## WORK TO BE COMPLETED
Where the line holding "まるごと超透明4.4ct！超高波動ロシア産フェナカイト原石【最高品質" appears, start copying, and continue exactly through the last line of the listing, skipping pictures.

## DATASET RECORDS
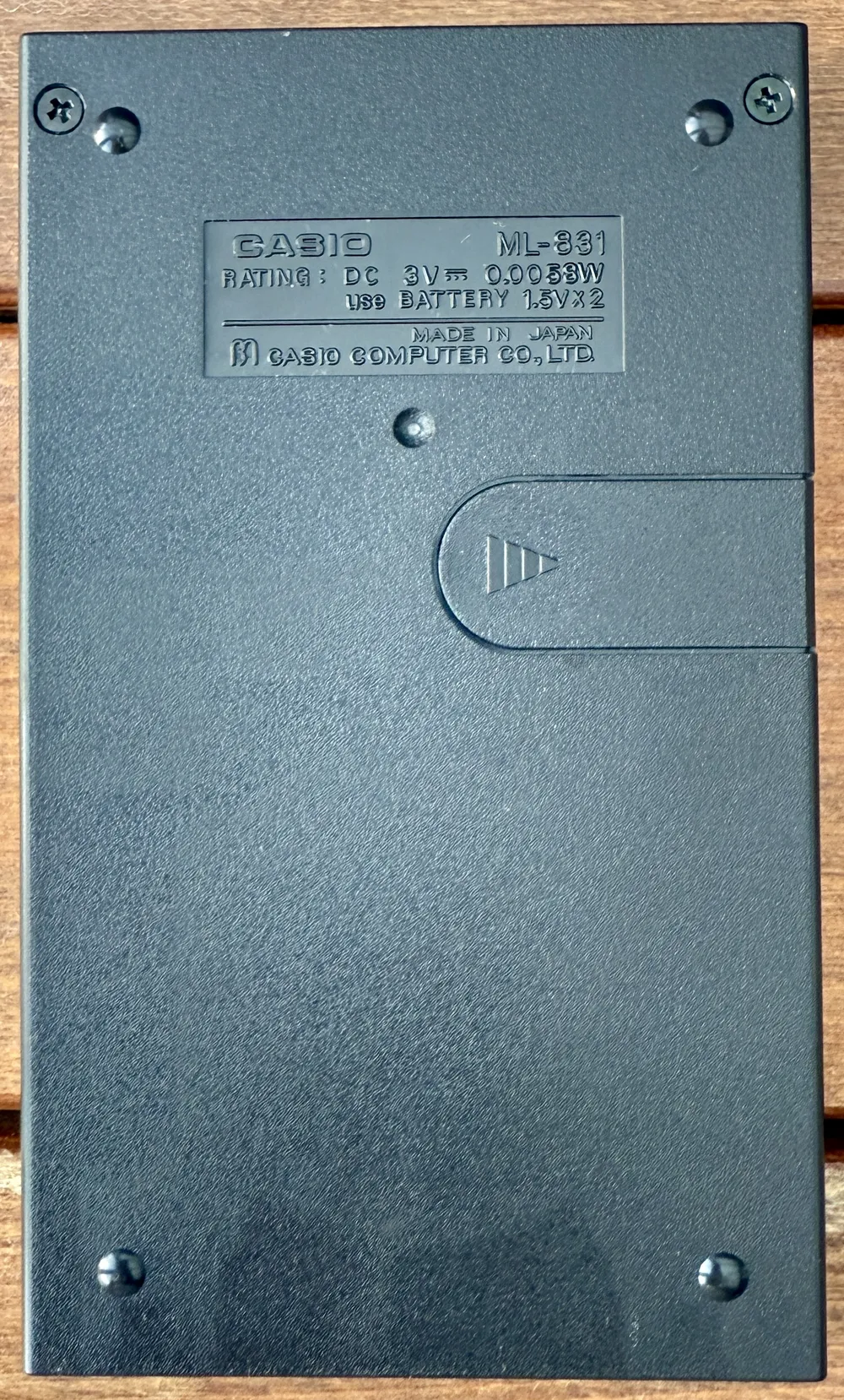 Casio ML-831 (Melody and clock) - back view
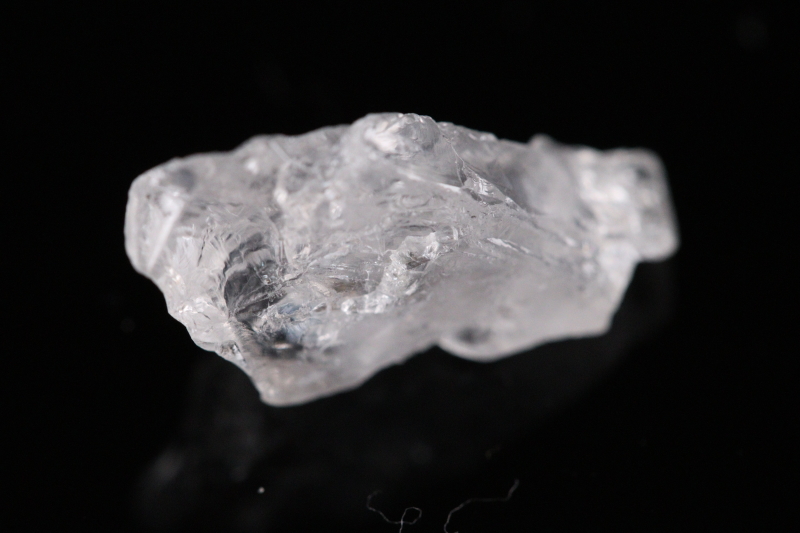 まるごと超透明4.4ct！超高波動ロシア産フェナカイト原石【最高品質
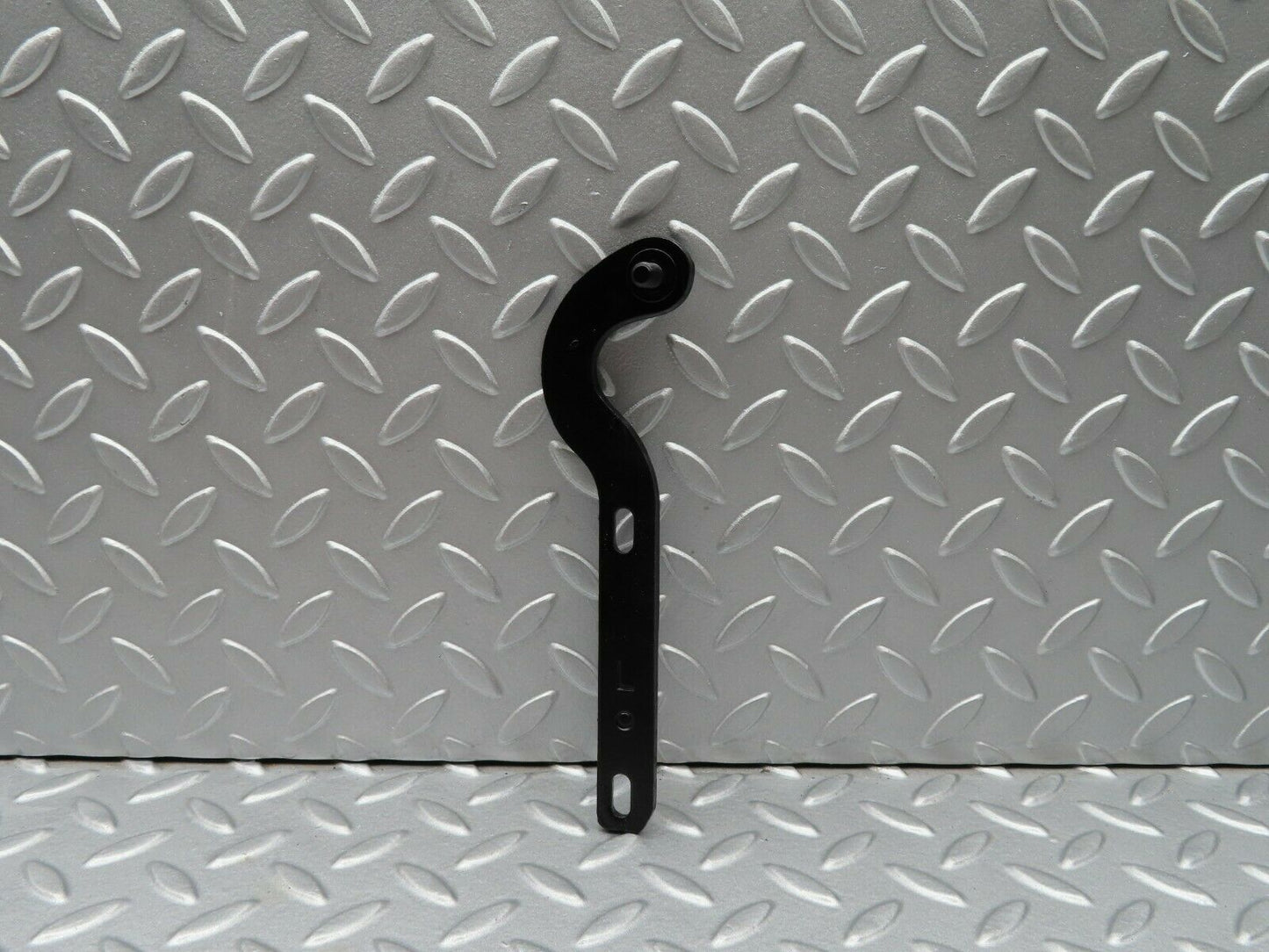 5140 Mercedes-Benz R107 350SL Left Bonnet Hinge Support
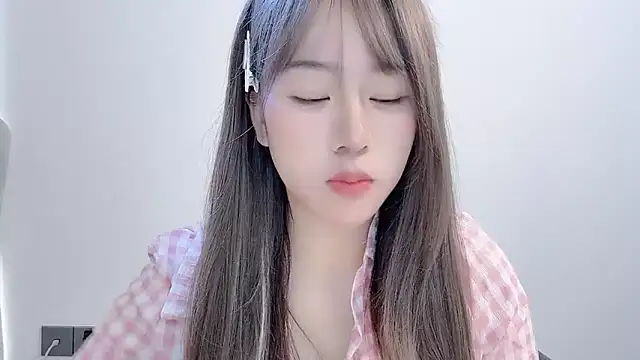 chloe-01 online show from 29, 11, 2025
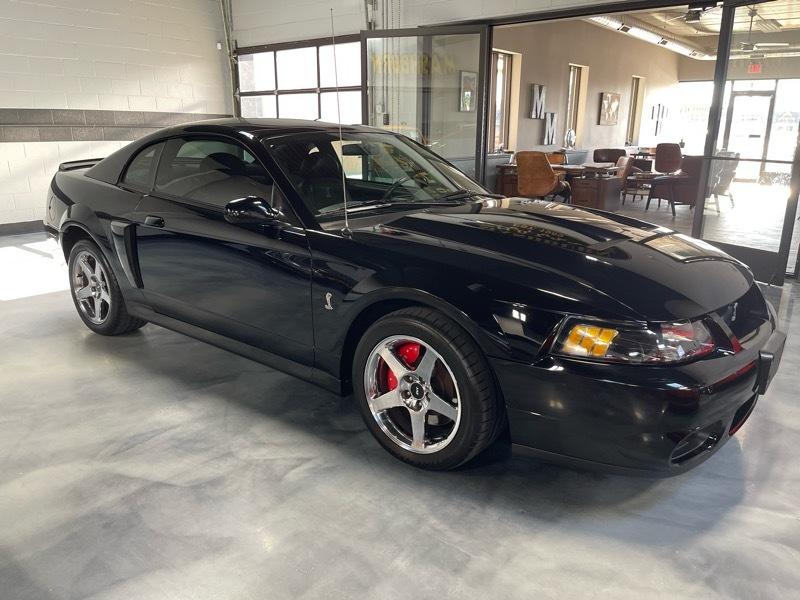 Ford Mustang SVT Cobra Coupe 2004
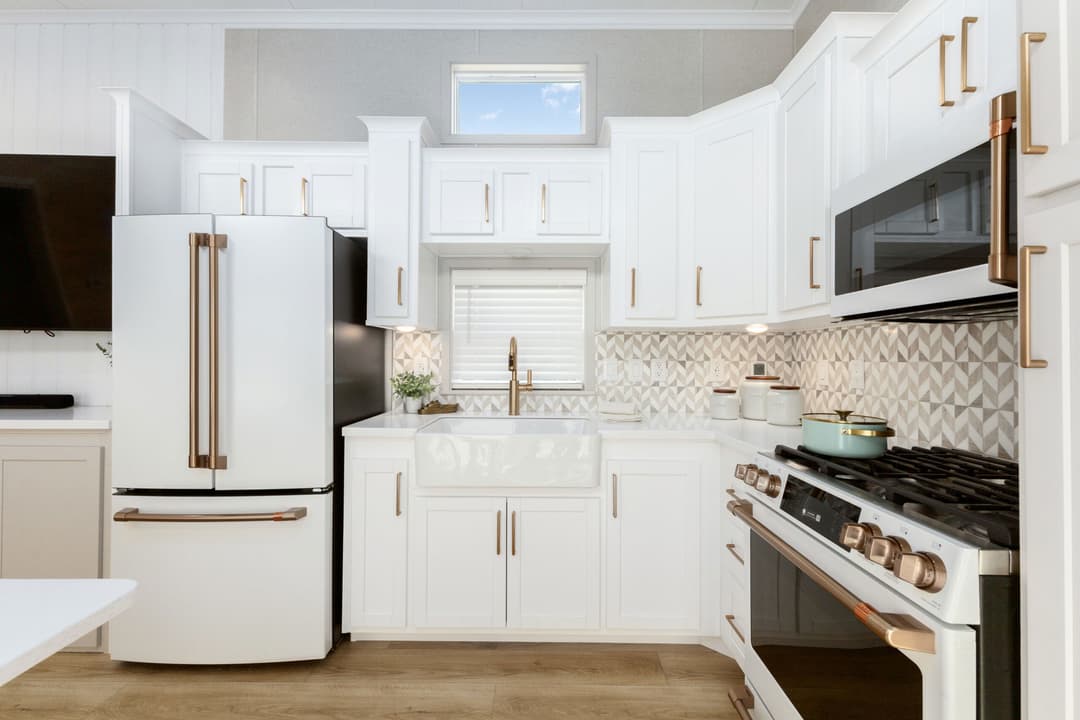 Eldorado 9092 kitchen home features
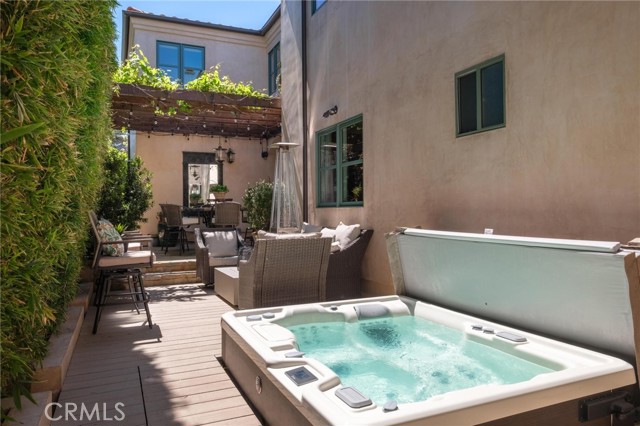 Image 36 of 75 For 1001 4th  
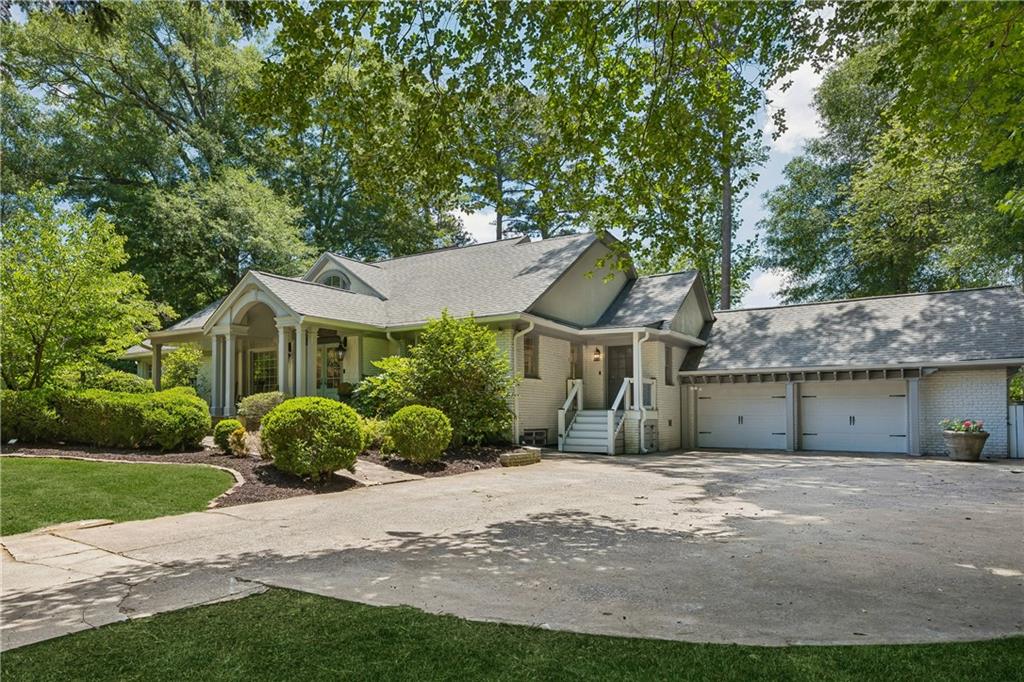 1290 Peachtree Battle Avenue NW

## WRITTEN SOLUTION
 まるごと超透明4.4ct！超高波動ロシア産フェナカイト原石【最高品質
 5140 Mercedes-Benz R107 350SL Left Bonnet Hinge Support
 chloe-01 online show from 29, 11, 2025
 Ford Mustang SVT Cobra Coupe 2004
 Eldorado 9092 kitchen home features
 Image 36 of 75 For 1001 4th  
 1290 Peachtree Battle Avenue NW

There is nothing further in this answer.